I swear he looked at me and smirked. :shock:

Thanks for listening.


----------



## hercsmom (Jul 6, 2010)

I think he did it on purpose, especially after the smirk! They're too smart for their own good.


----------



## abrowndog (Nov 26, 2010)

I really do think hedgies are teenagers morphed into a cute little zit free body.


----------



## PJM (May 7, 2010)

Cindy...you had me at "Snarf is Smarter than Me"
:lol: 
I only wish you had taken video


----------



## MissC (Nov 15, 2010)

PJM said:


> Cindy...you had me at "Snarf is Smarter than Me"
> :lol:
> I only wish you had taken video


I did get a short video of his first anointing session but wasn't quite prepared for the repeat. :roll:


----------



## MomLady (Aug 14, 2010)

MissC here I am at work and laughing out loud. Too funny. :lol: 

Of course they are smarter than we are. They sleep all day in soft fleece, selectively eat their food, worry and scare us to death with their weird habits while we try to figure out what they want. Plus we are the ones who go to work to get money to buy them more mealworms. 

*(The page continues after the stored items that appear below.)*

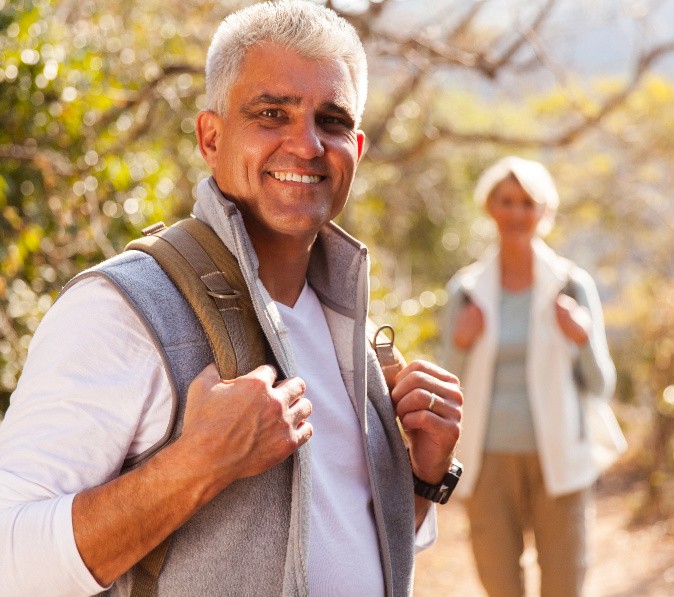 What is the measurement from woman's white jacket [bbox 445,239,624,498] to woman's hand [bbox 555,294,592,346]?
0.03 meters

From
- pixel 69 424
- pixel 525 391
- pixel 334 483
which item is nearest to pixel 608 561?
pixel 525 391

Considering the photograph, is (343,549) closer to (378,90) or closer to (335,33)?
(335,33)

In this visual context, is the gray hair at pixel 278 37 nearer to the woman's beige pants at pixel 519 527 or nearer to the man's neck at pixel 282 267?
the man's neck at pixel 282 267

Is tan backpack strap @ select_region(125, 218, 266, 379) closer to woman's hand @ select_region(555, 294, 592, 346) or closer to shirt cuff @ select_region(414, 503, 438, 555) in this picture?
shirt cuff @ select_region(414, 503, 438, 555)

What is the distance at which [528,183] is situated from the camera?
4055 millimetres

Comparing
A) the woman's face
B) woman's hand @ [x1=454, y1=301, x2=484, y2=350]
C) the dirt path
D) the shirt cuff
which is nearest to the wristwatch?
the shirt cuff

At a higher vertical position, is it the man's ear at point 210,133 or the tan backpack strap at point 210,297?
the man's ear at point 210,133

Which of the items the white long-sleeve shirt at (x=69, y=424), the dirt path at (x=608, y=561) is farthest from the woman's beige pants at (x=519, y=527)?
the white long-sleeve shirt at (x=69, y=424)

And we clean their wheels, wash their liners and worry about giving them their mani/pedicures.

And what thanks do we get? HUFF HUFF HUFF!


----------



## MissC (Nov 15, 2010)

MomLady said:


> They sleep all day in soft fleece, selectively eat their food, worry and scare us to death with their weird habits while we try to figure out what they want. Plus we are the ones who go to work to get money to buy them more mealworms.

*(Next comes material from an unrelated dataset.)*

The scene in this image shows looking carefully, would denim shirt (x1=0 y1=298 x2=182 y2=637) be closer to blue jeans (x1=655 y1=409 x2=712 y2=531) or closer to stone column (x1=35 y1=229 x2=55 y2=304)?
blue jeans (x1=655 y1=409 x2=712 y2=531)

Yup...you pretty much summed it up in a sentence. :roll:

Little rotters.


----------



## haleylove (Jan 19, 2011)

:lol: :lol: Poor MissC.

Okay... I could be wrong with this because I don't have a hedgehog, but this seems to work with dogs... so worth a shot maybe?
Getting a mealworm with tweezers, and let him know you have it, and then get him on the saucer and hold it just a bit in front of him so he walks forward to try to get it, thus moving the wheel.
just a suggestion, i could be wrong.

By the way, I thought I would point out if I didn't know Snarf's name I would think it was 'little rotter.'


----------



## MissC (Nov 15, 2010)

The tweezers would be a great idea if it wasn't supposed to be for Snarf. He's got ninja skills you would not believe when he sees a mealie - can lunge like lightning. In short: I would eventually take out an eye. :roll: 

For the first month we had him, he thought his name was "Ouch Dammit".


----------



## schmelderz (Jul 7, 2010)

This is hilarious! :lol:


----------



## suwanee (Nov 15, 2010)

MissC

Fool you once shame on you

Fool you twice - and hopefully you won't leave a stinky FS in the cage again when you replace a clean piggie.



Name change: Rotterdamn


----------



## Nebular (Dec 28, 2010)

I was laughing so hard I cried. :lol:


----------



## MissC (Nov 15, 2010)

Nebular said:


> I was laughing so hard I cried. :lol:


 :? 
uumm...thanks...I guess... :lol:


----------



## EryBee (May 23, 2010)

Bwahahaha! Show's you what he thinks of your FS scheme, doesn't it?


----------